WORK INSTRUCTIONS ::
Leave out the pictures and restate exactly, and only, the lines from the one that contains "Shareable card for" through the final line of the material below.

== DATA BELOW

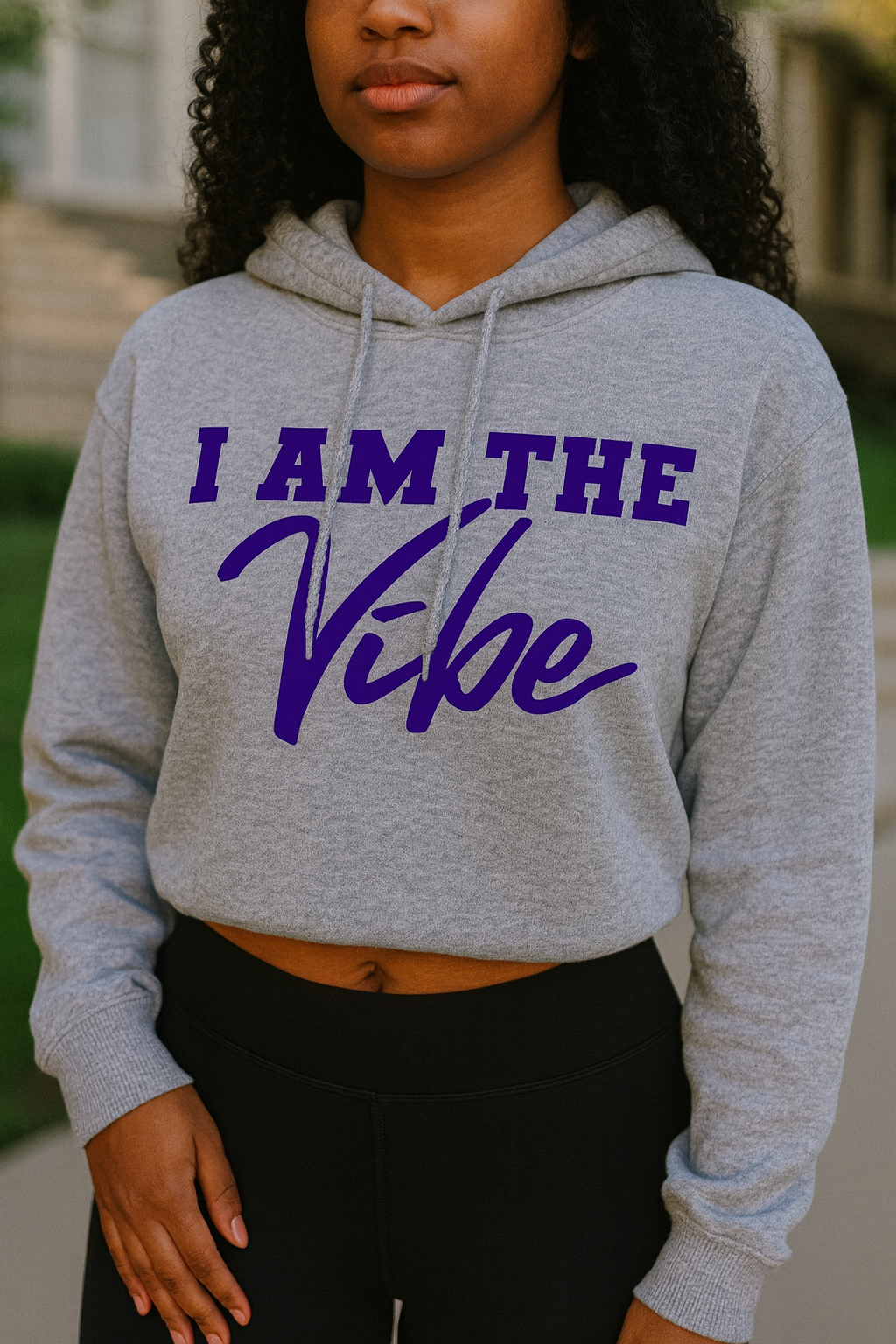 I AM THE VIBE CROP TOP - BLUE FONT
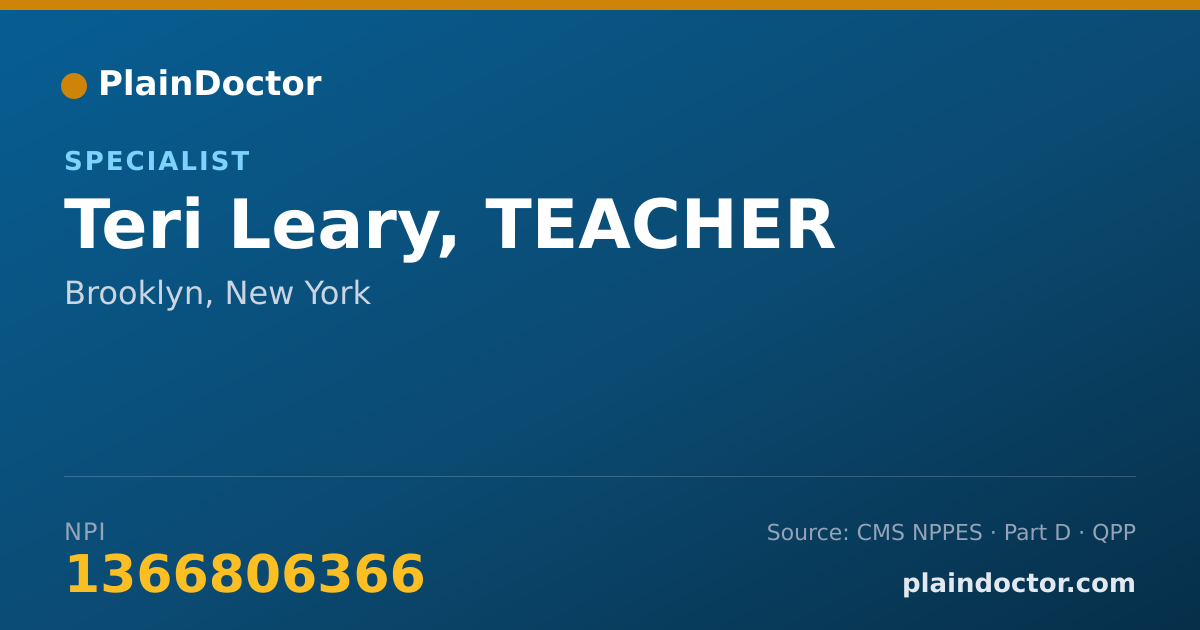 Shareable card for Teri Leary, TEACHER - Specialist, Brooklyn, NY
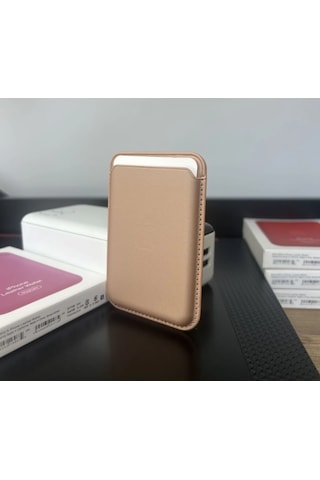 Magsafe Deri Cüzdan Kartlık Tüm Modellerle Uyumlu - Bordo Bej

====

RESULT OF THIS EXERCISE ::
 Shareable card for Teri Leary, TEACHER - Specialist, Brooklyn, NY
 Magsafe Deri Cüzdan Kartlık Tüm Modellerle Uyumlu - Bordo Bej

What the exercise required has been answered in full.